学術的な話ですが、(以下、私の過去ブログから抜粋)
*****
上あごの歯がすべて抜け落ちた原人の化石が、2005年西アジアのグルジアで発見されました。約177万年前のものと見られ、歯の抜けた穴が骨で埋まっていることから、歯が抜け落ちた後も数年は生きていたとみられています。野生では生存が不可能な状況で、仲間から柔らかくした食料をもらうなどの援助・介護を受けていた可能性があります。
人はなぜ「介護」をするのか? それは進化心理学からひも解くことができます。
人類が他の類人猿と分岐したのは約600万年前で、そのころから地球の環境は寒冷化、アフリカでは乾燥化が始まりました。その後、250万年前からさらに寒冷化、乾燥化が進み、人類は草原やサバンナに進出しました。そこには沢山の捕食者がおり、食料獲得は困難で、人類は食料獲得のための道具の発明と、密接な社会関係の集団生活が必須となりました。

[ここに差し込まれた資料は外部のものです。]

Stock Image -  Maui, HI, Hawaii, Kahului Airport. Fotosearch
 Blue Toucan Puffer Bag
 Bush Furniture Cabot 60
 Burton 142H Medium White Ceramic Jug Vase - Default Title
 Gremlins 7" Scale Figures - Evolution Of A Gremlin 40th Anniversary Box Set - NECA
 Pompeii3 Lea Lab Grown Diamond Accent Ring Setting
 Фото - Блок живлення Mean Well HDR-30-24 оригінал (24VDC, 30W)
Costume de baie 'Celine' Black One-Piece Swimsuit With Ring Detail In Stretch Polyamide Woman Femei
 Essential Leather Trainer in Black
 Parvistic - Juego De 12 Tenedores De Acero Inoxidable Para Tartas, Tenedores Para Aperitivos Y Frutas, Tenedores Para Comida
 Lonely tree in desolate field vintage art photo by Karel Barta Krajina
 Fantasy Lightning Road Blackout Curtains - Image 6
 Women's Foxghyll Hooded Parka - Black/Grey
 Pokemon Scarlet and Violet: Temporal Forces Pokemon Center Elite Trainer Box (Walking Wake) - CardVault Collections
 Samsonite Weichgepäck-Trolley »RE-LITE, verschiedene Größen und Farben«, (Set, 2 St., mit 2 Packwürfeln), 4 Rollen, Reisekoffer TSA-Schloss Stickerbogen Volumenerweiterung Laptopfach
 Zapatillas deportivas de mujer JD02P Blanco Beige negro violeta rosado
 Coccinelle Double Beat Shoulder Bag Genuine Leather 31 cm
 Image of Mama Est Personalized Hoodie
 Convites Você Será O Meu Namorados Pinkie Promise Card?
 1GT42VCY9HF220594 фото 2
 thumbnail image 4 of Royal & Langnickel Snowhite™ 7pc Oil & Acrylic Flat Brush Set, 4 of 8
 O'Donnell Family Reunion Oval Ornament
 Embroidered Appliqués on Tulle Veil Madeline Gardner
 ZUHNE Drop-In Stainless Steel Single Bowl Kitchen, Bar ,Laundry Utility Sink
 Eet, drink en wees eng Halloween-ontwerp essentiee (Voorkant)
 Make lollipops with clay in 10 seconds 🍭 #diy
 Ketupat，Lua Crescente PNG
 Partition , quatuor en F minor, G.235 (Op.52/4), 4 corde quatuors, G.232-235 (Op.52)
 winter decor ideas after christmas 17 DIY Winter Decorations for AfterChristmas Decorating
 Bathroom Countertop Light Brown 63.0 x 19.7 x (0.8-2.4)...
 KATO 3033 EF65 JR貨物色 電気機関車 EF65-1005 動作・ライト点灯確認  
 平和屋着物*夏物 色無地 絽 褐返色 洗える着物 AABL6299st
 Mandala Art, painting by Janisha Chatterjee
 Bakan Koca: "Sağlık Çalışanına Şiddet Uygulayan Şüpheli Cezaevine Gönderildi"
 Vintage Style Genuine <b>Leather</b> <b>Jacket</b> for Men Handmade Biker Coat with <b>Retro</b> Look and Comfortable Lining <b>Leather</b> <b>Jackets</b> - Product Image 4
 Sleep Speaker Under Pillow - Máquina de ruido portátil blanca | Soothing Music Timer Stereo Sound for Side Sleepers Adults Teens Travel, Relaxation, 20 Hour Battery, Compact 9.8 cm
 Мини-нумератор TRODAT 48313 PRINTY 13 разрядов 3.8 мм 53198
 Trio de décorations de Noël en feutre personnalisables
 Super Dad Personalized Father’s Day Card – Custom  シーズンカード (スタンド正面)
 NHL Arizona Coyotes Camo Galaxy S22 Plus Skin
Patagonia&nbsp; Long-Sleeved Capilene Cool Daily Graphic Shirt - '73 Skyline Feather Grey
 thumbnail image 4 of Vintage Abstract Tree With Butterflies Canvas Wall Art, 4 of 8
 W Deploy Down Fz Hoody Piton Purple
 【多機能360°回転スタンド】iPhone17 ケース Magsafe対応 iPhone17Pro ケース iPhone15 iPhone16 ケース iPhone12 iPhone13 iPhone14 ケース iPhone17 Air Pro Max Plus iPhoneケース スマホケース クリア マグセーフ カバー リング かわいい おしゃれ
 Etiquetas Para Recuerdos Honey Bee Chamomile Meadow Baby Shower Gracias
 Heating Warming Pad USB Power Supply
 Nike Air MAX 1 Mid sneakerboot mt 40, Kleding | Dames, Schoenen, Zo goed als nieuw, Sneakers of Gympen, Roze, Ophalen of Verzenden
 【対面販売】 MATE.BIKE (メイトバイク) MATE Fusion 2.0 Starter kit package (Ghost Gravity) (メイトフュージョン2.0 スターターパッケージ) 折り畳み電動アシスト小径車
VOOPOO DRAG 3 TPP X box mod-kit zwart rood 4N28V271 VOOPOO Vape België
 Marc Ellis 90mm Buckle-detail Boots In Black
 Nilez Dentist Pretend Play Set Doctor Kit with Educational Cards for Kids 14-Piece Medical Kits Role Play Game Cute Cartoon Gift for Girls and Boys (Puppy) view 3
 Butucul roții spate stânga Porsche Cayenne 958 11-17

この社会環境で生き延びていくためには、他者を理解するための社会的知能が有利となったに違いなく、他者の理解を共有する、つまり「こころ」を共有する術を見出しました。そして、他者を「いたわる」行動の1つとしての介護という行為が、私たち人類の遺伝子に刻み込まれていきます。(ブログここまで)
*****
現代社会でも、【「いたわり」を持つ人間が生き残る】、と思っています。であるなら「いたわり」の気持ち、それを実践することが「生き延びること」、「生きること」に繋がるであろうと思っているということです。
日本では文化的に「同調圧力(ピアプレッシャー)」が強く、一方で個性・多様性の尊重が声高々に叫ばれております。ここだけ切り取ると「矛盾」ですが、私は、他者からの情報の影響されることなく、自分に向き合い、そして心の深層に刻み込まれている「いたわり」を感じる「こころ」を呼び覚ましたときに、その人の本当の「幸福」が始まるのではないかと思っております。私はそれを「パッション」と呼んでいます。